Sale!

Statistical Universals of Language: Mathematical Chance vs. Human Choice – PDF ebook

Statistical Universals of Language: Mathematical Chance vs. Human Choice – PDF ebook Copyright: 2021, Author: Kumiko Tanaka-Ishii, Publisher: Springer, Print ISBN: 9783030593766, etext ISBN: 9783030593773, Format: PDF

Original price was: $99.00.Current price is: $23.00.

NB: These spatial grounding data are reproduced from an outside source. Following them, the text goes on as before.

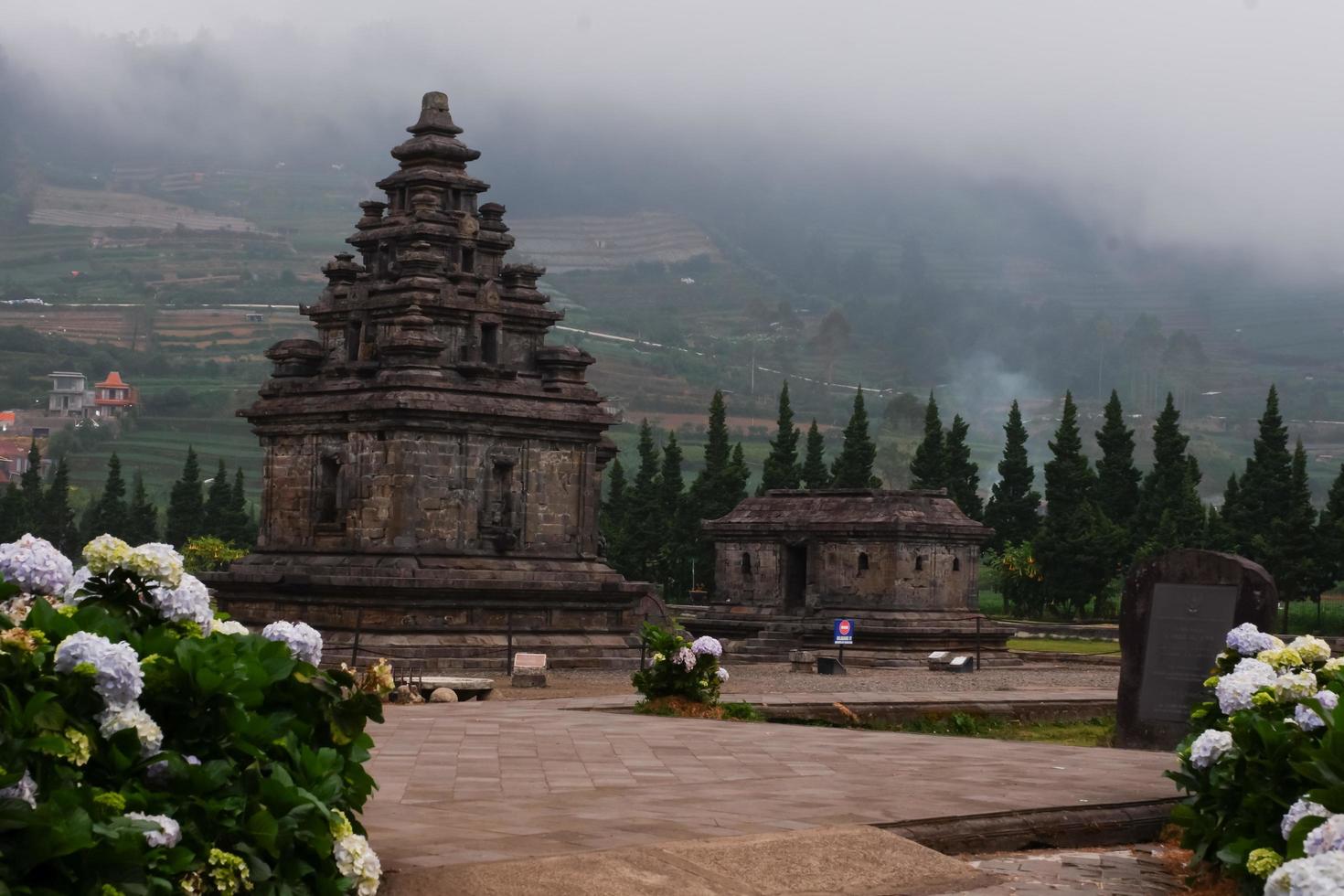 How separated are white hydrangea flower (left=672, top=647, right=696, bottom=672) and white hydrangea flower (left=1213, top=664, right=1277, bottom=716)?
12.3 m

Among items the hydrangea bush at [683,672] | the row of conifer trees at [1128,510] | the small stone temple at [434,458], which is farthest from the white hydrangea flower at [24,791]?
the row of conifer trees at [1128,510]

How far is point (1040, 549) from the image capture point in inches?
3004

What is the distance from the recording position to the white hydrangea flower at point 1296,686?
1006 centimetres

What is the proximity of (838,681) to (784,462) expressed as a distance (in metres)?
47.0

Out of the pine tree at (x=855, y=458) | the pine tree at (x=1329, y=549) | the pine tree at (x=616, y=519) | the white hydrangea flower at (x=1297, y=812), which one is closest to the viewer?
the white hydrangea flower at (x=1297, y=812)

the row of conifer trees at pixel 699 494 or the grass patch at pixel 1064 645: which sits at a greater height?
the row of conifer trees at pixel 699 494

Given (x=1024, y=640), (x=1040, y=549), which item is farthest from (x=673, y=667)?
(x=1040, y=549)

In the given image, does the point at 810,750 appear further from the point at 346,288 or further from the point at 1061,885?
the point at 346,288

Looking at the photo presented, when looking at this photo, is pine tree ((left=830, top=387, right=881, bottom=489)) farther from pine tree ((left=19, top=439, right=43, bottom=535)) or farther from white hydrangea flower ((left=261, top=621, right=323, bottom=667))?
white hydrangea flower ((left=261, top=621, right=323, bottom=667))

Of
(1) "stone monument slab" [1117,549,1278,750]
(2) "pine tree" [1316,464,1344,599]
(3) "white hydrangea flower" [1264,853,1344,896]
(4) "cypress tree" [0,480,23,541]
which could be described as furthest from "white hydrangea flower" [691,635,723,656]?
(4) "cypress tree" [0,480,23,541]

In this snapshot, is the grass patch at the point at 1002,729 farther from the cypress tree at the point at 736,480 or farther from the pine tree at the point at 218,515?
the pine tree at the point at 218,515

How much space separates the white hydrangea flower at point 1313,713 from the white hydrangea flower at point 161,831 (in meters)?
5.34

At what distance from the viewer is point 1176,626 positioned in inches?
724

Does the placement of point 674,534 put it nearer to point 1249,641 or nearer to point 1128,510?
point 1128,510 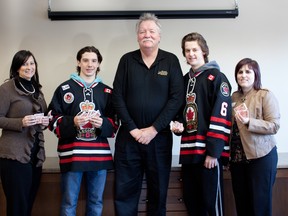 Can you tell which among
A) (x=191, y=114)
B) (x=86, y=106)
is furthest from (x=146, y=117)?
(x=86, y=106)

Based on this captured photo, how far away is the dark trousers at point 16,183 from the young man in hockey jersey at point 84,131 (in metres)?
0.23

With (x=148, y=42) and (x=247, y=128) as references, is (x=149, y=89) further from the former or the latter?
(x=247, y=128)

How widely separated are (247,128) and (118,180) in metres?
0.95

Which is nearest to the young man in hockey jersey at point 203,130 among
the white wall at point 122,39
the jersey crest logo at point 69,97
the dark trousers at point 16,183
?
the jersey crest logo at point 69,97

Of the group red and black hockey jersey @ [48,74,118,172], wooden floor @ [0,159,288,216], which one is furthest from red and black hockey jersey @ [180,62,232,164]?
red and black hockey jersey @ [48,74,118,172]

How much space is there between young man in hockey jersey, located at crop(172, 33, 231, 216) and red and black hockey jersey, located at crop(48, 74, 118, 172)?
526mm

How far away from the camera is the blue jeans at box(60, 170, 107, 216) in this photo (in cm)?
223

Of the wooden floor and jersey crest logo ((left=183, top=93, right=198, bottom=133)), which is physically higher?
jersey crest logo ((left=183, top=93, right=198, bottom=133))

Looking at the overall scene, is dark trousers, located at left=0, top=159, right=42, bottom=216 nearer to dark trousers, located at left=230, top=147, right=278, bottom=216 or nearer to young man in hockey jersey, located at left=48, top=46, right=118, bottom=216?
young man in hockey jersey, located at left=48, top=46, right=118, bottom=216

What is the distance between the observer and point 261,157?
6.99ft

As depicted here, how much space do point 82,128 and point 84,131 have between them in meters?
0.03

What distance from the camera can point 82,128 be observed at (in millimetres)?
2279

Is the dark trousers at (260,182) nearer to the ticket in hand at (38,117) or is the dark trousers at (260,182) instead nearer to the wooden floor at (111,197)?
the wooden floor at (111,197)

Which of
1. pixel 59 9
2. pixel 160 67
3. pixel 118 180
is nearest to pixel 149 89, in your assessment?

Buy Statistical Universals of Language: Mathematical Chance vs. Human Choice PDF ebook by author Kumiko Tanaka-Ishii – published by Springer in 2021 and save up to 80%  compared to the print version of this textbook. With PDF version of this textbook, not only save you money, you can also highlight, add text, underline add post-it notes, bookmarks to pages, instantly search for the major terms or chapter titles, etc.
You can search our site for other versions of the Statistical Universals of Language: Mathematical Chance vs. Human Choice PDF ebook. You can also search for others PDF ebooks from publisher Springer, as well as from your favorite authors. We have thousands of online textbooks and course materials (mostly in PDF) that you can download immediately after purchase.
Note: e-textBooks do not come with access codes, CDs/DVDs, workbooks, and other supplemental items.
eBook Details:

Full title: Statistical Universals of Language: Mathematical Chance vs. Human Choice
Edition:
Copyright year: 2021
Publisher: Springer
Author: Kumiko Tanaka-Ishii
ISBN: 9783030593766, 9783030593773
Format: PDF

Description of Statistical Universals of Language: Mathematical Chance vs. Human Choice:
This volume explores the universal mathematical properties underlying big language data and possible reasons why such properties exist, revealing how we may be unconsciously mathematical in our language use. These properties are statistical and thus different from linguistic universals that contribute to describing the variation of human languages, and they can only be identified over a large accumulation of usages. The book provides an overview of state-of-the art findings on these statistical universals and reconsiders the nature of language accordingly, with Zipf’s law as a well-known example. The main focus of the book further lies in explaining the property of long memory, which was discovered and studied more recently by borrowing concepts from complex systems theory. The statistical universals not only possibly lie as the precursor of language system formation, but they also highlight the qualities of language that remain weak points in today’s machine learning. In summary, this book provides an overview of language’s global properties. It will be of interest to anyone engaged in fields related to language and computing or statistical analysis methods, with an emphasis on researchers and students in computational linguistics and natural language processing. While the book does apply mathematical concepts, all possible effort has been made to speak to a non-mathematical audience as well by communicating mathematical content intuitively, with concise examples taken from real texts.